A. SystemSoft will pay Sykes a royalty equal to 25% of the Net
Revenues attributable to SystemWizard Premiere Software.
X. Xxxxx will pay SystemSoft a royalty equal to 25% of the Net
Revenues attributable to any Sykes Software product utilizing SystemSoft
technology.
X. Xxxxx will pay SystemSoft a royalty in connection with the
product portion of Total Service Solution which shall be calculated as
follows:
(i) If Total Service Solution uses a SystemSoft Software
product, the royalty to be paid to SystemSoft shall be 75% of the Net
Revenues attributable to the product portion.

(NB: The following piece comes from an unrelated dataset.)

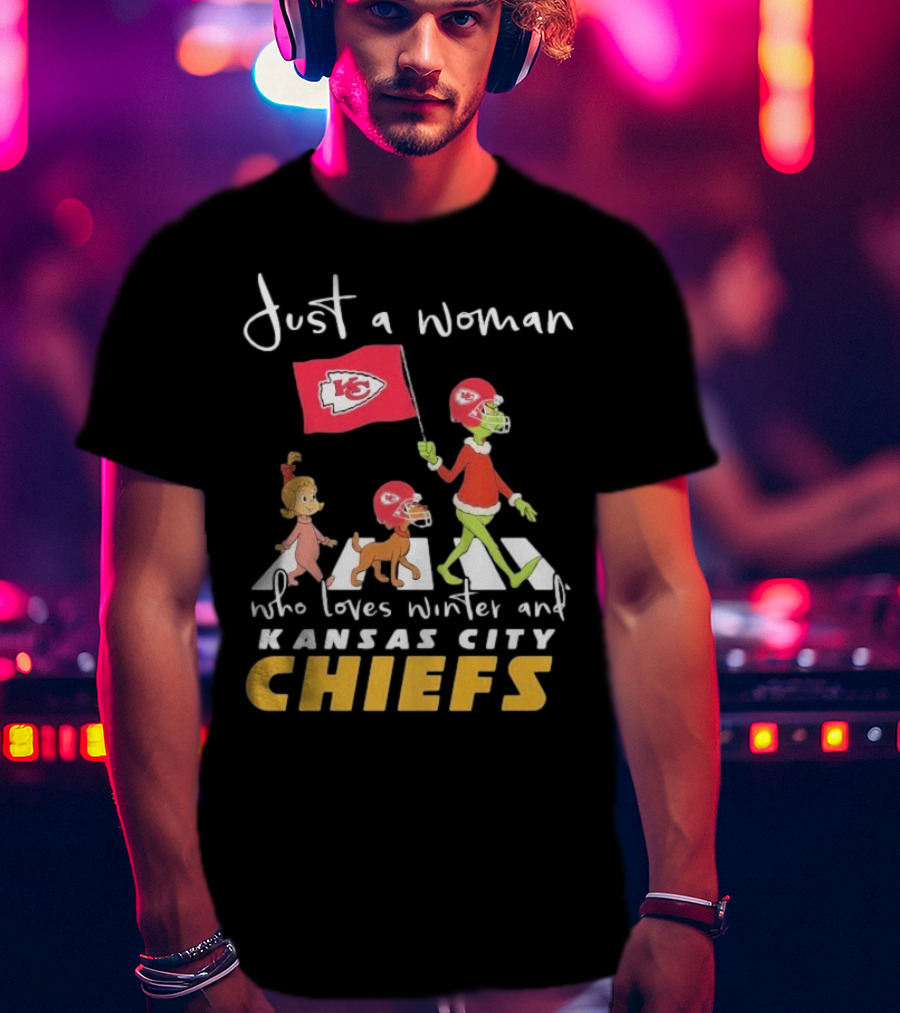 Just A Woman Who Loves Winter And Kansas City Chiefs Abbey Road T-Shirt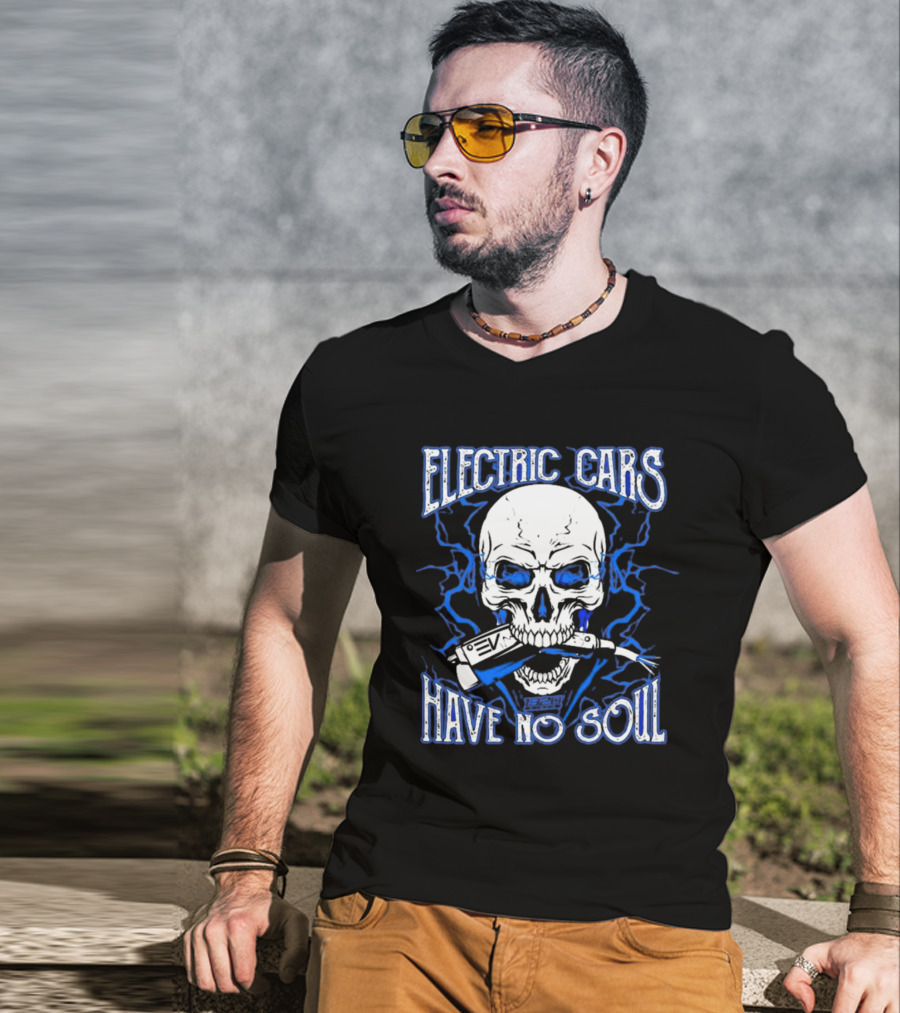 1320VIDEO Electric Cars Have No Soul Skull With EV Charger 2.0 T-Shirt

(ii) If Total Service Solution uses a Sykes Software product,
the royalty to be paid to SystemSoft shall be 25% of the Net Revenues
attributable to the product portion.
(iii) In the event that the parties can not agree on the
respective values of the technology or services included in the Total
Service Solution, the royalty to be paid to SystemSoft shall be based on
the most favorable prices charged by each party for such component
contributions during the previous calendar year.
The following example illustrates the operation of Section 4.1.C
hereof:
Total Service Solution (price) $50.00
Service component (100% Sykes) $45.00
Product component (allocated) $5.00
Allocation: Sykes SystemSoft
If Section 4.1.A applies: $1.25 $3.75
If Section 4.1.B applies: $3.75 $1.25
If Section 4.1.C applies: Most favorable pricing
"Net Revenues" means the actual gross receipts derived from all
sources whatsoever, less any sales, use, excise or other taxes (other than
taxes on income), allowances for returns, defects, replacements or other
rebillable items. If SystemWizard Premiere Software is distributed in a
single package with other software products that do not contain
SystemWizard Premiere Software for a single price (including, without
limitation, SystemSoft Software), the Net Revenue attributable to
SystemWizard Premiere Software will be determined by prorating the
receipts from the sale or license of the single package according to the
suggested price of the software, or if no suggested price is announced,
the values mutually established for SystemWizard Premiere Software and
such other products, whether or not such products are distributed
separately, provided that such values are reasonably related to the values
or cost of the separate products. Net Revenues will not include any
receipts from copies of SystemWizard Premiere Software supplied for
promotional purposes to the press, trade, sales representatives or
potential customers for SystemWizard Premiere Software. Amounts received
as deposits or advances will not be deemed to have been received until
shipment of SystemWizard Premiere Software to the party making the
deposits or advances have been made against such deposits or advances.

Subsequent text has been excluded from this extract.